Your job is to report every line of the entries that has "with".

[Brief descriptive captions]
..........

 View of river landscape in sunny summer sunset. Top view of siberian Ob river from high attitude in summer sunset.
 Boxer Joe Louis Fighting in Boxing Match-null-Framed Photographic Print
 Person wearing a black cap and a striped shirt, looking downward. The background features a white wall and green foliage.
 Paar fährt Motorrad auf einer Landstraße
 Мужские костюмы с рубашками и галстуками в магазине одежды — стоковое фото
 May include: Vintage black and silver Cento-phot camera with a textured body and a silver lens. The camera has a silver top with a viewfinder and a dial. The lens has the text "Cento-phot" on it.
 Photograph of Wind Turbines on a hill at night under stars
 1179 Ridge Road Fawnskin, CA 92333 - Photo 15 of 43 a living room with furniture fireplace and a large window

..........

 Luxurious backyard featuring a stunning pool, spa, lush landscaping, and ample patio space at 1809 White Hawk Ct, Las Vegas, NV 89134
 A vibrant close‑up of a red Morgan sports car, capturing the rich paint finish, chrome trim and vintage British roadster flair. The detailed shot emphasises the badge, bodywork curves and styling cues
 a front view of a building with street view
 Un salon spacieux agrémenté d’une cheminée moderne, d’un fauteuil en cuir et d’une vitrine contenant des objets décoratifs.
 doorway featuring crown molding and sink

..........

_Answer section_.
 May include: Vintage black and silver Cento-phot camera with a textured body and a silver lens. The camera has a silver top with a viewfinder and a dial. The lens has the text "Cento-phot" on it.
 1179 Ridge Road Fawnskin, CA 92333 - Photo 15 of 43 a living room with furniture fireplace and a large window
 a front view of a building with street view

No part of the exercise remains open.